→ Data in this exercise
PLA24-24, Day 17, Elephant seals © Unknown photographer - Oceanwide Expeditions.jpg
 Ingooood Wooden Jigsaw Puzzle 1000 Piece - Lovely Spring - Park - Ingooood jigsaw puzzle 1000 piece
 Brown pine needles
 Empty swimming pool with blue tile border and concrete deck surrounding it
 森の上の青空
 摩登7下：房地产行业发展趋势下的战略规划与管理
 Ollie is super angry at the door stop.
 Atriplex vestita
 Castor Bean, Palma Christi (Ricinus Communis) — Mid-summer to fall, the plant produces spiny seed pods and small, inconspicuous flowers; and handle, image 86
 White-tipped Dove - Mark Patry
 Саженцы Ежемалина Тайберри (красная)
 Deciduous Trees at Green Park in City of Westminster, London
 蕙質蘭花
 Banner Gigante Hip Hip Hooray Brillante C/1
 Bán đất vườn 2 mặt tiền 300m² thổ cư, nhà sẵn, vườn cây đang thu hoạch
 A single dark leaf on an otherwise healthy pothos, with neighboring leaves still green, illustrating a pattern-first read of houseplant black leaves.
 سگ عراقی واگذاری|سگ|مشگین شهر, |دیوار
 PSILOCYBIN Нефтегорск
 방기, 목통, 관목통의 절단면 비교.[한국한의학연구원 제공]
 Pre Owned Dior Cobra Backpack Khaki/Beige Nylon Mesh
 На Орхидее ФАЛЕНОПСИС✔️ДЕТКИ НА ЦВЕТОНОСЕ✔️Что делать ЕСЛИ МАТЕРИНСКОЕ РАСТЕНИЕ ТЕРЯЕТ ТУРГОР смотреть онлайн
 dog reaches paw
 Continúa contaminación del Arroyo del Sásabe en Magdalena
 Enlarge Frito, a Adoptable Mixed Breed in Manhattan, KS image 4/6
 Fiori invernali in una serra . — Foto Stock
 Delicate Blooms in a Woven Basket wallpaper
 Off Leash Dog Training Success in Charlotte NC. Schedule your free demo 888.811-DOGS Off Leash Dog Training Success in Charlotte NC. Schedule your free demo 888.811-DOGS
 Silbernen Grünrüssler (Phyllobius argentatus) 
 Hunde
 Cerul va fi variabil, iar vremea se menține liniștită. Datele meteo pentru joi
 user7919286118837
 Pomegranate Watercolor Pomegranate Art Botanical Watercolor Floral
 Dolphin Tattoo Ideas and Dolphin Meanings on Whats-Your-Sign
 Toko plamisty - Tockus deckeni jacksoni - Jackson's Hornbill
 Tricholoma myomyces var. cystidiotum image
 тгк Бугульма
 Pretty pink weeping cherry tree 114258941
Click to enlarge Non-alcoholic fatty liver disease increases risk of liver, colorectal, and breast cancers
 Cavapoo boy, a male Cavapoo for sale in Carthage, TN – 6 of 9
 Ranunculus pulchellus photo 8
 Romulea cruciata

→ About this task
Throughout the material above, report each line holding the word "with".

→ Solution below
 Empty swimming pool with blue tile border and concrete deck surrounding it
 A single dark leaf on an otherwise healthy pothos, with neighboring leaves still green, illustrating a pattern-first read of houseplant black leaves.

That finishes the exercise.